Cuban-cigar merchant are declaring death of the tobacco weevil following a visit to a new, massive storage and quality control center in Guanabacoa, a suburb of Havana.

I visited the complex last week with English cigar merchants Jemma Freeman, head of Cuban cigar importers Hunters & Frankau, and Edward Sahakian, owner of London's Davidoff shop. The 90,000-square-foot building is a temperature- and humidity-controlled building for holding all cigar stocks for export. It has a capacity of about 70 million to 80 million cigars. Habanos S.A., the global distribution and marketing company for Cuban cigars, runs the facility.

The showpiece of the building is four massive freezers where export boxes of cigars are frozen at minus-4 Fahrenheit for five days and then slowly brought to a temperature of about 65. Cuban officials claim that this process completely kills any insects as well as eggs in the tobacco. The freezing is an added measure Habanos has taken even though cigar factories continue to fumigate smokes before they leave their doors.

"This should be the end of weevils as we know them," said Freeman with an enthusiastic smile, after visiting the giant freezers.

Let's hope she is right. There is nothing worse than finding boxes of fine Cuban cigars with weevils having a party inside. Their tiny holes make cigars unsmokable. Once they are in one box and busy at work, they are almost impossible to eradicate. The Cubans say that they can process about 4 million cigars at a time.

Cuban cigars are shipped abroad in thick cardboard boxes that hold on average about 40 individual boxes. It's these shipping boxes that are placed on large racks in the freezers and then frozen.

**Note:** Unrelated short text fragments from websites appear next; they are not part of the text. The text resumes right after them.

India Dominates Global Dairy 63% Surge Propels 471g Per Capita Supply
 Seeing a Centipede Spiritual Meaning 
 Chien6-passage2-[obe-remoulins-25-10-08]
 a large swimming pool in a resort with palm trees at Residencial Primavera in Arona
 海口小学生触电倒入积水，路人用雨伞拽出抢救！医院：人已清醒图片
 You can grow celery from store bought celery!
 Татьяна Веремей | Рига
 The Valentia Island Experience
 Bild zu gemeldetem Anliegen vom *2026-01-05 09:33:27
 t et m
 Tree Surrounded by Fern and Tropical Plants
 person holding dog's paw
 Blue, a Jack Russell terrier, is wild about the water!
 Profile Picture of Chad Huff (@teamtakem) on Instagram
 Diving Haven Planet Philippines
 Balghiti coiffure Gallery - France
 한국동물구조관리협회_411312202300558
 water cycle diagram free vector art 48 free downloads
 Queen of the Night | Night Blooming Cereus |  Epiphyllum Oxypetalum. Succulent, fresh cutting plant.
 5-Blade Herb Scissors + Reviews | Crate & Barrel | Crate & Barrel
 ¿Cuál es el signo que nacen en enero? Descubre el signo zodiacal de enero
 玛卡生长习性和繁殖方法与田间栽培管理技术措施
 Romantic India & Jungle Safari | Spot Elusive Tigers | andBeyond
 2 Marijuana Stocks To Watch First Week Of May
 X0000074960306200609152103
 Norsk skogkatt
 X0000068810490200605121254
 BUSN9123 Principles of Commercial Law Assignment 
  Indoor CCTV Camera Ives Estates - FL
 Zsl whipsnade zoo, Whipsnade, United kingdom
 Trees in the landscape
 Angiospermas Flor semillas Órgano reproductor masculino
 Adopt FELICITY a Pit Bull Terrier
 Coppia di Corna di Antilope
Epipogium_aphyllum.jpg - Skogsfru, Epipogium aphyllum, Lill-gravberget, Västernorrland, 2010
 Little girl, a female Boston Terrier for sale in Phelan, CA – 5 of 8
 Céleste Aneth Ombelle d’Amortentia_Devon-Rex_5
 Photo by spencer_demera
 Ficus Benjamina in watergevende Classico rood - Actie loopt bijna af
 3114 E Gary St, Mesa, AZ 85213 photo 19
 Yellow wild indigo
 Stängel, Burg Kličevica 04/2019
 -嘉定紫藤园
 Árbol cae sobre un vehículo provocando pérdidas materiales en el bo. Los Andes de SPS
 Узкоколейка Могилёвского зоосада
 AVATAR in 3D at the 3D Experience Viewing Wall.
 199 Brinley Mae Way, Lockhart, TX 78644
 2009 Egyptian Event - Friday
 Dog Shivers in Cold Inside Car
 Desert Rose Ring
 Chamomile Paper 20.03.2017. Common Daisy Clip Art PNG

Freezing of cigars has been a time-honored process for many cigar lovers, who have been afraid of the ravages of the tobacco weevil. Some cigar merchants were already freezing cigars themselves in recent years. Moreover, once the beetles attack cigars, they can be killed by putting them in your freezer for a couple of days.

In the facility's quality control center, finished boxes of cigars are opened and evaluated for quality. This is why you may sometimes see Cuban cigar boxes with double seals on them. A supervisor said that 70 percent of all Cuban cigar boxes are opened and checked for quality, which includes tests for humidity as well as visual and manual evaluation. That figure seemed incredible to me, especially when the supervisor said that only 18 people work there – but my arithmetic has never been very good.

Regardless, Habanos is obviously serious about quality. And the days of the tobacco beetle in Cuban cigars seem to be numbered with the new freezing process.